What we left at our last address took over a decade to build. We watched that little community come together slowly, and become sturdy over time. What we left was nothing like what it was when we began.
It’s easy to forget the awkward conversations we had at first, or that we had three or four years of those kinds of conversations before we would even begin to call each other friends. Forget how many times I came inside after an interaction and told my husband that I wasn’t sure we’d ever connect deeply with our neighbors.
The community we eventually became did not become by my urgency or grit. I couldn’t just water it more, or use something in my own power to make roots and stems shove their way from seed and soil. Instead, our friendships grew roots in dark days of doubt, through trying and trying again awkwardly, alongside seasons of silence and solitude.
All of it reminds me that bearing the fruit we can see and savor, takes time, care, trial, and error.
This morning I looked in the mirror and thought about how much has changed over the last few years. I’ve grown older and I’ve become more sad than I have been in a while. And yet, I’ve also become more gentle with myself, more tender with my body, mind, and heart. Our community has changed and keeps changing, and the losses continue to feel far-reaching. But instead of chasing a community (or anything else for that matter) and trying to force it into shape, I’m learning to stay open and tender, to let the losses impact me and inform me, and to wait for our Creator’s timing to build: one interaction, conversation, or gathering after another.
God has created each of us to be builders and re-builders of community. Part of that calling is grieving the losses that come, lamenting what isn’t and sometimes what is, surrendering to our own limitations and the limitations of others, and hoping for the holy cultivation of connection that God wants to provide to take root throughout it all.
Are you in a season of loss, loneliness, or rebuilding when it comes to community?
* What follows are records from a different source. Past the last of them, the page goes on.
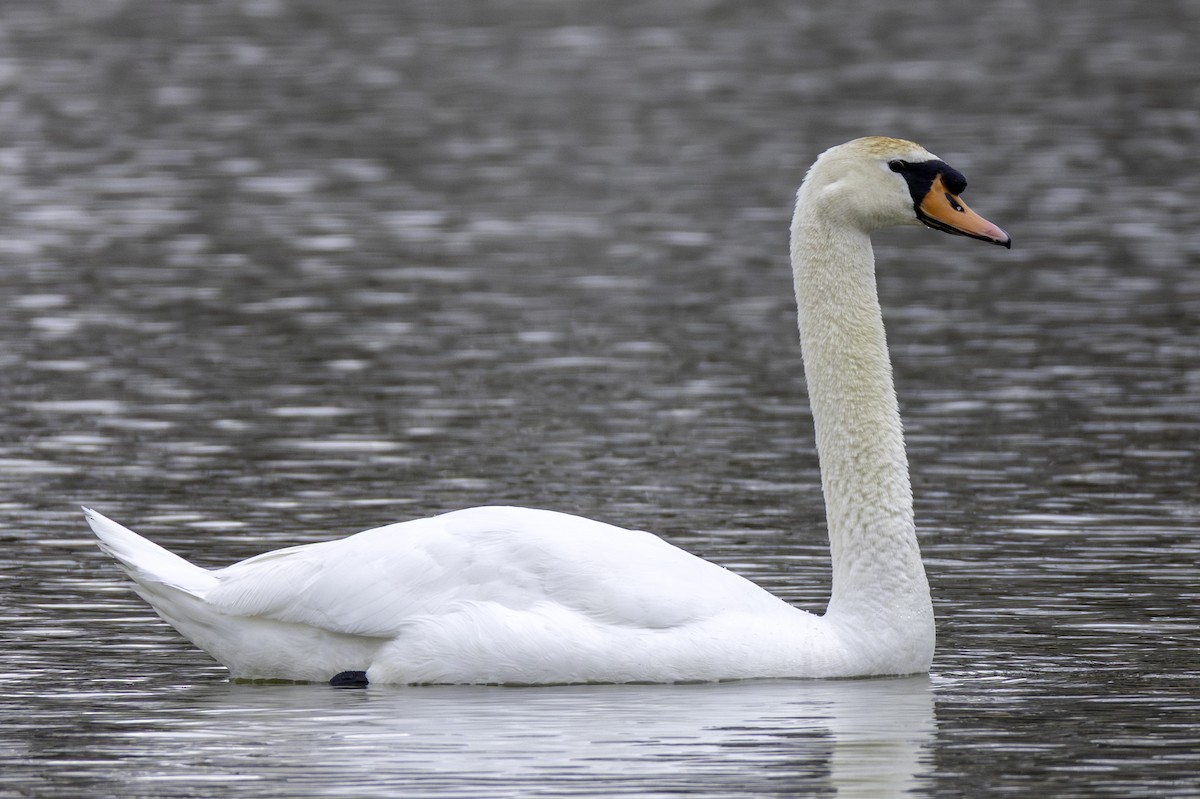 knoppsvane - ML650392816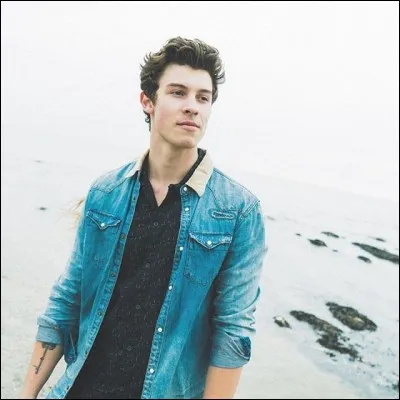 Par le service de sécurité de quel chanteur fut-il terrorisé ?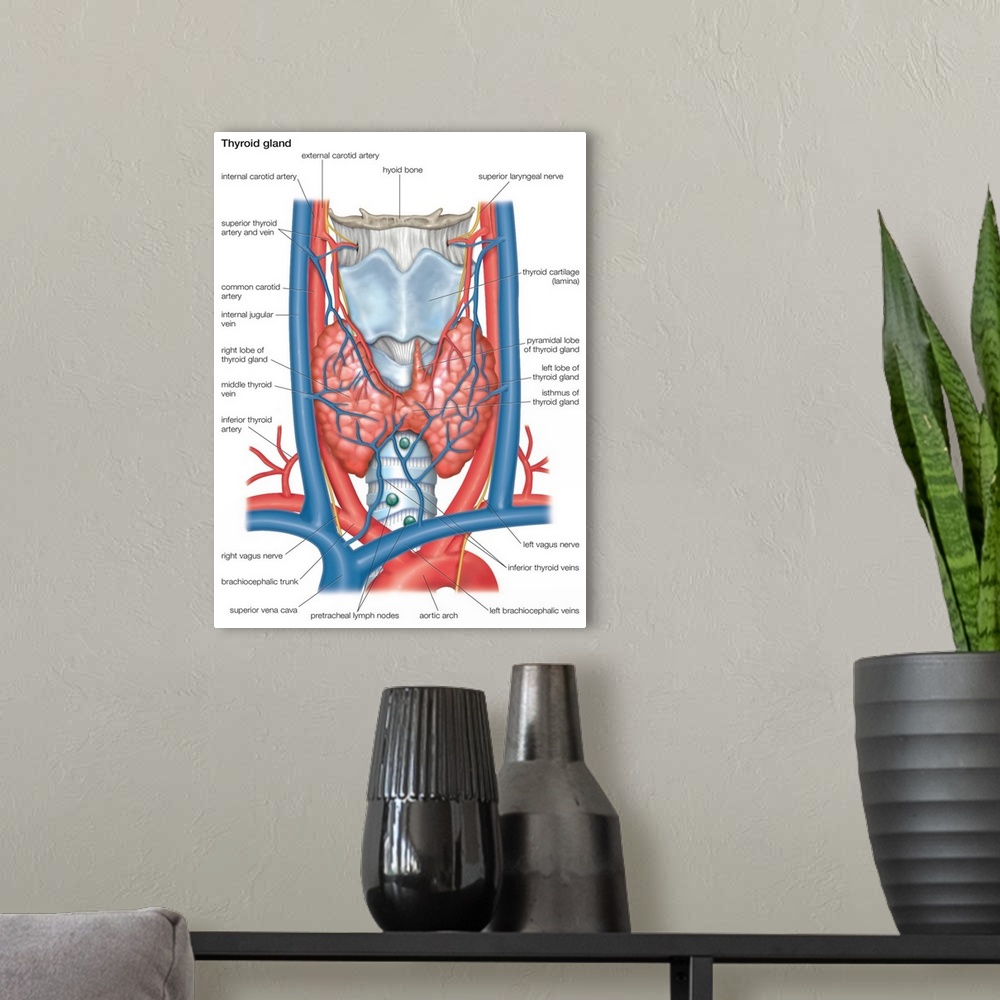 A modern room featuring Thyroid gland. endocrine system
I know it can feel impossible some days, but take heart, dear reader, and remember it’s okay if it feels that way. You aren’t alone.
Let’s look outside and pay attention to the trees and flowers that Jesus told His followers to take note of. Notice how they hide and grow, bloom and fade away, moving in and out of seasons, dependent on things much bigger than themselves; let them remind us that we can take our time.
In the end, it isn’t merely the fruit we pick and consume in an hour’s time that we long for. No, it’s so much more than that; it’s the entire process of becoming and realizing that we have been loved and seen throughout.
I look back and see God in the lonely days, in my doubt, and in the long stretch of growth over time.
We’re meant to change and transform, release and receive, to plant and prune and harvest, to leave our little seeds in the dark, to not be able to see what will be, to build and rebuild, and to be surprised by the good things that grow into what they need to become. There are unseen things at work in the relational seasons that feel empty, and it’s not just the fulfillment of community, but our communing with God throughout our longing and loneliness that is building something beautiful too.